Return the table names in a json format.
###User Questyion:
{question}
"""

user_query = "Find the total price of all orders for a given user."


In [10]:
#Creating the prompt, with the user questions and the tables definitions.
pqt1 = prompt_question_tables.format(tables=text_tables, question=user_query)

In [11]:
print(return_OAI(pqt1))

{
    "tables": ["users", "orders", "products"]
}


In [12]:
user_query = "Find the average price of products sold in the last month."
pqt3 = prompt_question_tables.format(tables=text_tables,
                                     question=user_query)

In [13]:
print(return_OAI(pqt3))

{
    "tables": ["orders", "products"]
}


# Exercise
 - Complete the prompts similar to what we did in class. 
     - Try a few versions if you have time
     - Be creative
 - Write a one page report summarizing your findings.
     - Were there variations that didn't work well? i.e., where GPT either hallucinated or wrong
 - What did you learn?

In [17]:
# User wants to know all users who placed orders
user_query = "List all users who have placed at least one order."
pqt2 = prompt_question_tables.format(
    tables=text_tables,
    question=user_query
)
print(return_OAI(pqt2))

```json
{
    "tables": ["users", "orders"]
}
```


In [18]:
# User wants product info
user_query = "Show me the names and prices of all products."
pqt4 = prompt_question_tables.format(
    tables=text_tables,
    question=user_query
)
print(return_OAI(pqt4))

```json
{
    "tables": ["products"]
}
```


In [None]:
# User wants to find inactive users
user_query = "Find users who have not placed any orders."
pqt6 = prompt_question_tables.format(
    tables=text_tables,
    question=user_query
)
print(return_OAI(pqt6))

{
    "tables": ["users", "orders"]
}


Report on SQL Prompting with GPT




In this lab, I tested how GPT can turn a normal question into SQL queries by using the names of tables. The idea was to see if different prompts would change the results, and to check when GPT gave good answers or when it made mistakes.

What Worked Well

When I gave GPT clear instructions with the right table names, it usually worked fine. For example, when I asked about the average price of products sold last month, it picked the right tables like users, orders, and products. The answers made sense, and the format was easy to read.

What Didn’t Work Well

Some prompts did not go as planned. If the question was vague or I didn’t explain the tables properly, GPT sometimes made up things. For example, it returned tables like “employees,” “salary,” or “studies” that were never part of the schema. That showed me GPT can “hallucinate” and invent stuff when it is unsure.

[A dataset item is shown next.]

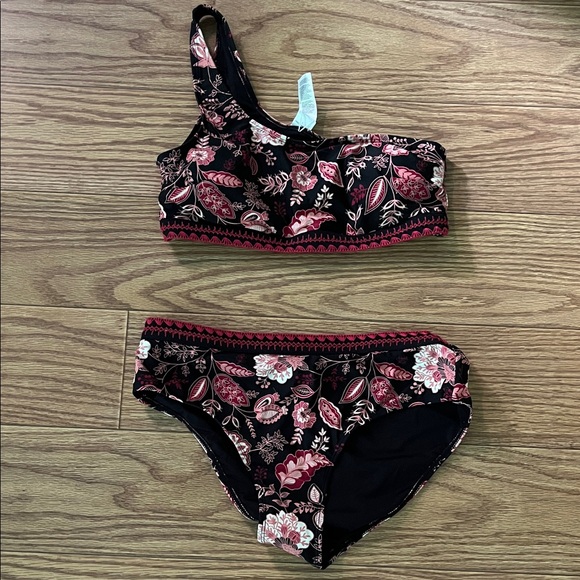 NWT Cupshe Black and Pink Floral Swimwear - Picture 1 of 4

Another small problem was that the output format was not always the same. Sometimes GPT gave plain JSON, and other times it wrapped it inside code blocks. This is not a big deal, but it could be annoying if I wanted to parse the results automatically.

What I Learned

I learned that the way I write the prompt makes a big difference. If I am very clear and give full information, GPT does much better. If I leave gaps, GPT tries to fill them but is often wrong. I also learned that I can’t just trust the first answer—it’s important to check and validate the output.

Overall, this lab showed me that GPT is a useful tool for generating SQL, but it needs careful prompts and human oversight. The main lesson is that good prompts = good results, while unclear prompts = hallucinations or mistakes.